Single by Live

from the album The Distance to Here
- Released: June 26, 2000
- Studio: The Site (San Rafael, California); Village Recorder (West Los Angeles); A&M (Hollywood, California); The Plant (Sausalito, California);
- Length: 4:17
- Label: Radioactive
- Songwriters: Ed Kowalczyk; Patrick Dahlheimer; Chad Taylor;
- Producers: Jerry Harrison; Live;

Live singles chronology
| "Run to the Water" (2000) | "They Stood Up for Love" (2000) | "Simple Creed" (2001) |

Music video
- "They Stood Up for Love" on YouTube

= They Stood Up for Love =

2000 single by Live

"They Stood Up for Love" is a song by American alternative rock group Live, which was released as the third and final single from their 1999 album, The Distance to Here. The song was released in the United States on June 26, 2000, and reached number 31 on the Billboard Modern Rock Tracks chart and number 24 on the Billboard Mainstream Rock Tracks chart.

The European single releases of "They Stood Up for Love" include an acoustic version of the song recorded at Jet Studios in Brussels, Belgium, in April 2000. This version was successful in the Flanders region of Belgium, reaching number one for two weeks, and it also peaked at number 19 in the Netherlands. It was Flanders' fourth-highest-selling single of 2000.

==Music video==
The video for "They Stood Up for Love" was directed by Kai Sehr and features the band performing the song in a recording studio. This footage is interspersed with film of young people partying.

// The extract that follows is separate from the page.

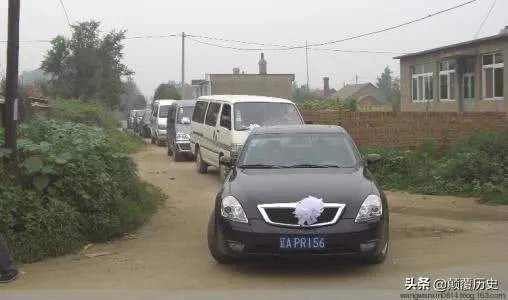 两个汽车品牌丧葬（两辆车一个牌子打一成语）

The two strands come together as the people from the increasingly wild party join the band in the studio.

==Track listings==
Australian CD single
1. "They Stood Up for Love" (radio mix)
2. "Run to the Water" (acoustic version)
3. "The Distance" (acoustic version) – 4:39
4. "The Dolphin's Cry" (acoustic version) – 5:15
5. "I Alone" (acoustic version) – 4:00
6. "They Stood Up for Love" (acoustic version) – 4:17

European CD single 1
1. "They Stood Up for Love" (acoustic version, recorded at Jet Studios, Brussels, Belgium) – 4:02
2. "They Stood Up for Love" (radio mix) – 4:13

European CD single 2
1. "They Stood Up for Love" (radio mix)
2. "I Alone" (acoustic version)
3. "The Dolphin's Cry" (acoustic version)
4. "They Stood Up for Love" (acoustic version)

European maxi-CD single
1. "They Stood Up for Love" (radio mix)
2. "Run to the Water" (acoustic version)
3. "The Distance" (acoustic version)
4. "They Stood Up for Love" (acoustic version)

==Credits and personnel==
Credits are lifted from the US promo CD liner notes and The Distance to Here album booklet.

Studios
- Recorded at The Site (San Rafael, California), Village Recorder (West Los Angeles), A&M Studios (Hollywood, California), and The Plant (Sausalito, California)
- Mixed at South Beach Studios (Miami Beach, Florida) and Encore Studios (Burbank, California)
- Mastered at Sterling Sound (New York City)

Live
- Ed Kowalczyk – writing, vocals, guitar
- Patrick Dahlheimer – writing, bass
- Chad Taylor – writing, lead guitars
- Chad Gracey – drums
- Live – production

Other personnel

- Jerry Harrison – production
- Gary Kurfirst – executive production
- Tom Lord-Alge – mixing
- Karl Derfler – engineering
- Doug McKean – additional engineering
- Ted Jensen – mastering

==Charts==

===Weekly charts===

| Chart (2000) | Peak position |
|---|---|
| Australia (ARIA) | 88 |
| Belgium (Ultratop 50 Flanders) | 1 |
| Netherlands (Dutch Top 40) | 19 |
| Netherlands (Single Top 100) | 44 |
| US Alternative Airplay (Billboard) | 31 |
| US Mainstream Rock (Billboard) | 24 |

===Year-end charts===

| Chart (2000) | Position |
|---|---|
| Belgium (Ultratop 50 Flanders) | 4 |

==Certifications==

| Region | Certification | Certified units/sales |
| Belgium (BRMA) | Gold | 25,000^{*} |
^{*} Sales figures based on certification alone.